どの面から見るかによって、形が異なる…、つまり対称ではありません。立方体の枠は上下左右対称だったのに、枠に張ったシャボン膜は楽な形になるために対称性がなくなってしまいました。
「これを自発的対称性の破れといいます。」と、上道さんの解説が続きます。
自発的対称性の破れは、シャボン液のバケツの中だけの話ではありません。今、私たちが住むこの世界とも深く関わっています。
ところが直後に、自発的対称性の破れが起き、世界は均一ではなくなりました。
シャボン膜でみた自発的対称性の破れが、星や銀河、私たち生物の起源にもなっているのです。
あらゆるモノの最小単位である素粒子にも対称性がありました。それが宇宙誕生直後に破れ、モノに重さが生まれました。シャボン膜でみた自発的対称性の破れは、モノの重さの起源にもなっているのです。

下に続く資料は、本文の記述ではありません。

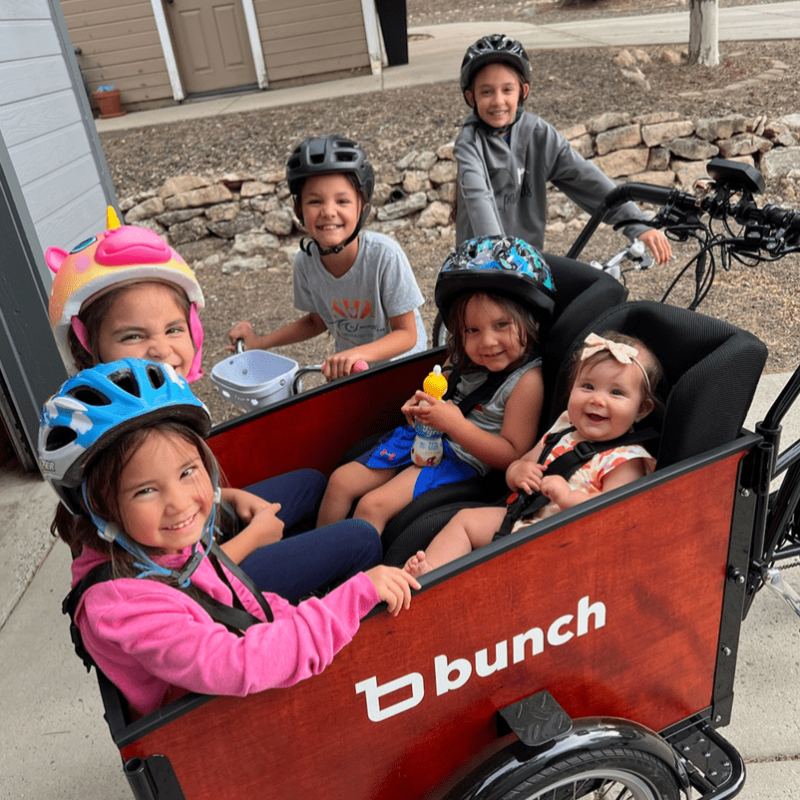 family bike ride with 2 toddlers, 2 older kids in cargo bike and 2 kids on their own bikes  #color_Sedona Woodgrain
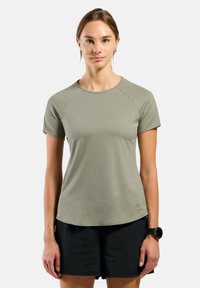 Olive green short-sleeve t-shirt made of soft fabric with a round neckline and raglan sleeves, featuring a small logo at the hem.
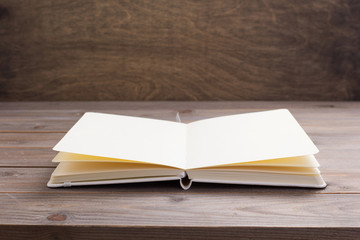 notepad or paper book at wooden table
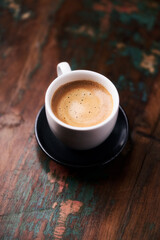 Cup of coffee on rustic wooden background. Copy space.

自発的対称性の破れがなかったら、今のような宇宙も私たちも存在しなかったのですね。
最後の質問タイムは、「自発的対称性の破れは宇宙誕生の何秒後に起こったのですか?」「どうしてあのような膜の形になるんですか?」といった質問で盛り上がりました。
KMISCTが工夫をこらしたワークショップは、今後も開催していくとのこと。宇宙が大好きなメンバー達と、シャボン膜で宇宙に思いを馳せてみませんか。